I see this dynamic playing out in my own life. When I think about how to prepare my child for the future, I recognize a generation raised in a world of ubiquitous technology. They have never known a time when nearly any question could not be answered with a few keystrokes. While I can teach fundamentals, I have a hard time anticipating the institutions or industries that will dominate when his generation becomes the primary workforce—assuming society even resembles what we now imagine over the next fifteen to forty-five years. Similarly, it feels implausible to expect today’s legislative elders to meaningfully regulate emerging technologies like AI. I consider myself relatively tech-savvy, yet my child can run circles around me on my phone, just as I once did around my parents.

The point, at least as I am beginning to understand it, is that we may need to loosen our attachment to inherited ways of thinking and operating in order to give ourselves space to discover what might yet become.

We also talked about the need to recognize that the Old Story is dying and that, in a sense, it deserves hospice care. We are invited to allow it to die gracefully—with the least damage to itself or to those around it, with the least fallout, and with care, dignity, and respect. Marie Kondo offers a simple wisdom here: when letting something go, thank it for what it gave you, and then allow it to depart.

In meditation, one of the goals, as I understand it, is to make the subject the object. We are often trapped in our minds—thinking endless thoughts, feeling endless emotions, pulled in countless directions. But when we step back and witness this activity, when we create even a small amount of space, we begin to know ourselves differently.

I am drawn to Sri Ramana Maharshi’s self-inquiry practice. We ask ourselves:

I have a body, but I am not my body. Who am I?
I have thoughts, but I am not my thoughts. Who am I?
I have feelings, but I am not my feelings. Who am I?


In this practice, awareness slowly shifts toward the consciousness that is witnessing sensations, thoughts, emotions, and experiences as they arise and pass.
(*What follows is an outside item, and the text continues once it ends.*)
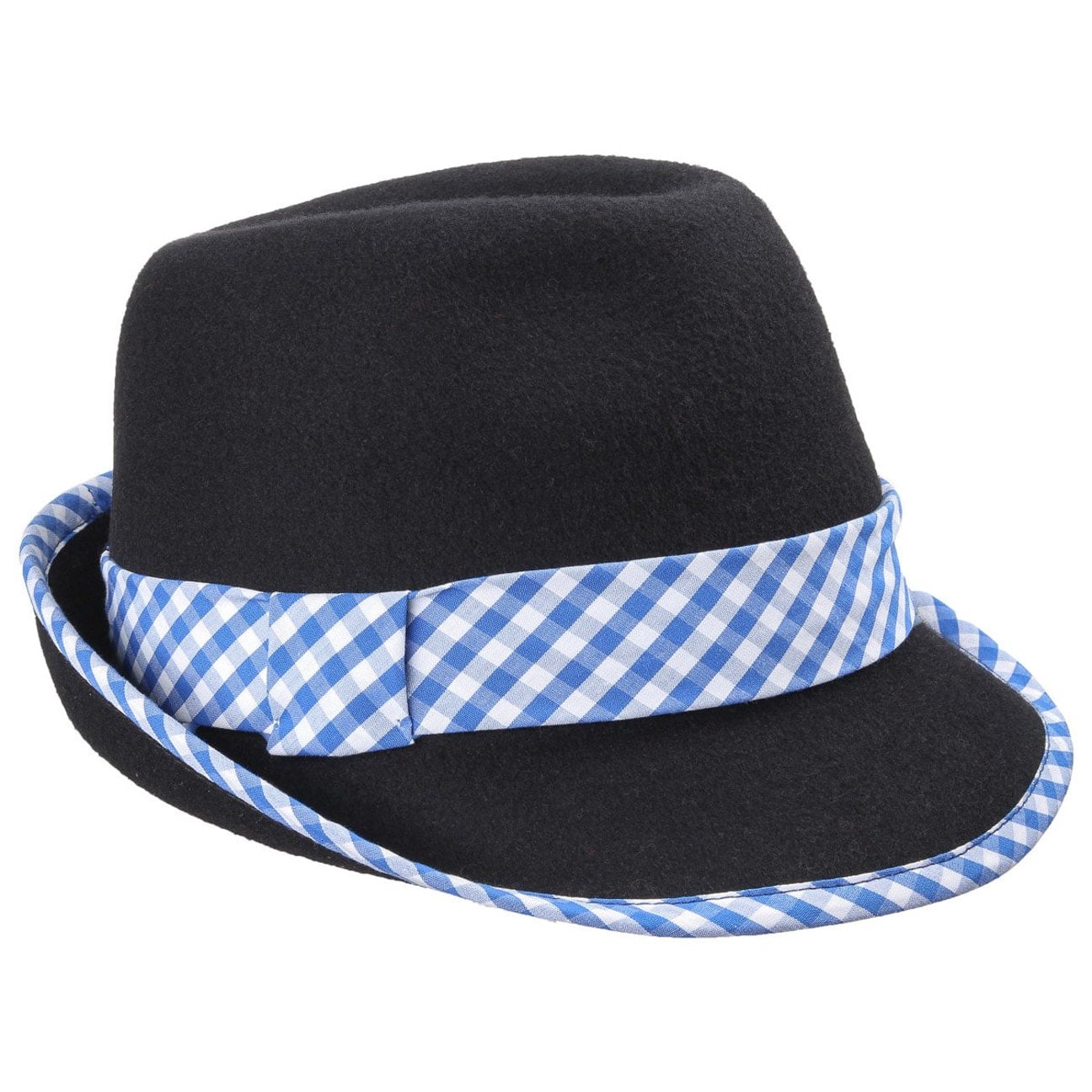 Hoedshop Ruitjes Dames Tirolerhoed Blauw 55 hoedshop kopen in de aanbieding Hoedshop Ruitjes Dames Tirolerhoed Blauw 55 hoedshop kopen in de aanbieding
As we root ourselves there, we begin to empty ourselves out—not in a diminishing way, but in a receptive one. Perhaps this is how we become vessels for Spirit. Perhaps this is how we step more fully into liminal space and begin to sense what might arise that feels aligned with a New Story.

And so, through witnessing—within ourselves, in the world around us, and in the broader Old Story—we give ourselves space. Space to listen. Space to remain present. Space for something new to emerge.
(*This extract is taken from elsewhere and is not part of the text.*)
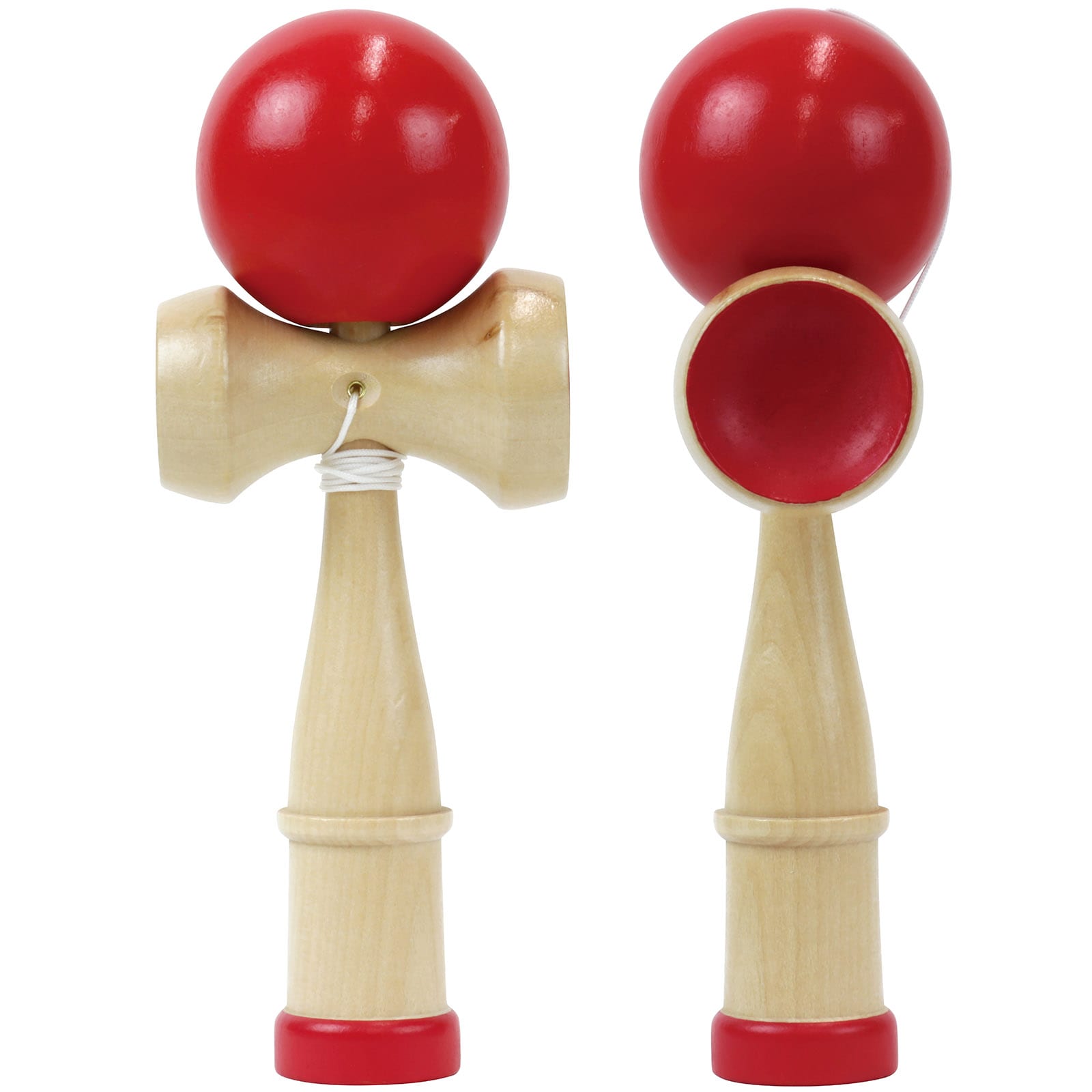 ㈱アーテックカラーけん玉 赤 1個(ご注文単位1個)【直送品】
We were offered a poem during the session, whose final lines stayed with me:

The rest of this must be said in silence
because of the enormous difference
between light and the words
that try to say light.

A few other lines I jotted down over the course of our session:

  • When in doubt, practice loving kindness.
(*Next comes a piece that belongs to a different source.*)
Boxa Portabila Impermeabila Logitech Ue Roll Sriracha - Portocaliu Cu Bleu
  • Liminal space is a place to refill your tank.

  • The prophets may sometimes sound angry, but they speak from anguish—their hearts broken open, their love outpouring to all.

Bill also shared something deceptively simple that resonated deeply with me. We were coming off the holidays—a time I often experience as overwhelming: too many people, too many activities, too much noise. Bill said that rather than focusing on the holiday season, he looks for holiday moments.

I loved this.

That shift—to be present and open to noticing those special moments that arise—feels far more manageable, and perhaps more meaningful over time. It feels like another way of witnessing. Stopping, now and then, to smell the roses.

Report on Practice

Witnessing as an Opening

Witnessing was at the center of this period’s practice. Our invitation was to engage with the news—to stay informed without becoming consumed by fear or worry, while still holding care and compassion. That distinction feels important.

It is easy to slip into apathy. Cognitive overload. Especially for empathetic and caring people. But the aim was not withdrawal. It was presence—staying with the chaos and seeing it for what it is.

During this period, I attended a summit for survivors of commercial sexual exploitation. One moment in particular has stayed with me. A survivor spoke about spending decades of her life being exploited—used for others’ gain, physically and financially. She was entertainment. She was an asset. She was property. More than five decades after being coerced into a life marked by violence, drugs, and confinement—often bought and sold—she was now standing freely before policymakers, practitioners, and advocates, speaking on her own behalf.

What struck me most was the challenge she offered. Their ask is large. And it is not unfair. It is for change.

If all we do is listen for our own benefit, are we not also exploiting them—however unintentionally? If we witness without responding, without allowing ourselves to be changed, what kind of witnessing is that? 

That stayed with me for days. Weeks, even. I did hear them. I witnessed them. But to what degree was that enough?

I don’t think true witnessing is a closed act.

We can see something and let it pass. But I attended with an open heart and an open mind. I went to truly listen. In doing so, I allowed their stories to shift something at my core. They have shaped how I think. They influence the conversations I have. They inform the decisions I make.

Since the summit, I have written about the experience and spoken about it publicly, including at a City Council meeting. That happened because of witnessing. Would it have occurred without that specific insight into exploitation? I honestly cannot say. But I do know that my worldview expanded, and that I will carry those stories into future conversations and decisions.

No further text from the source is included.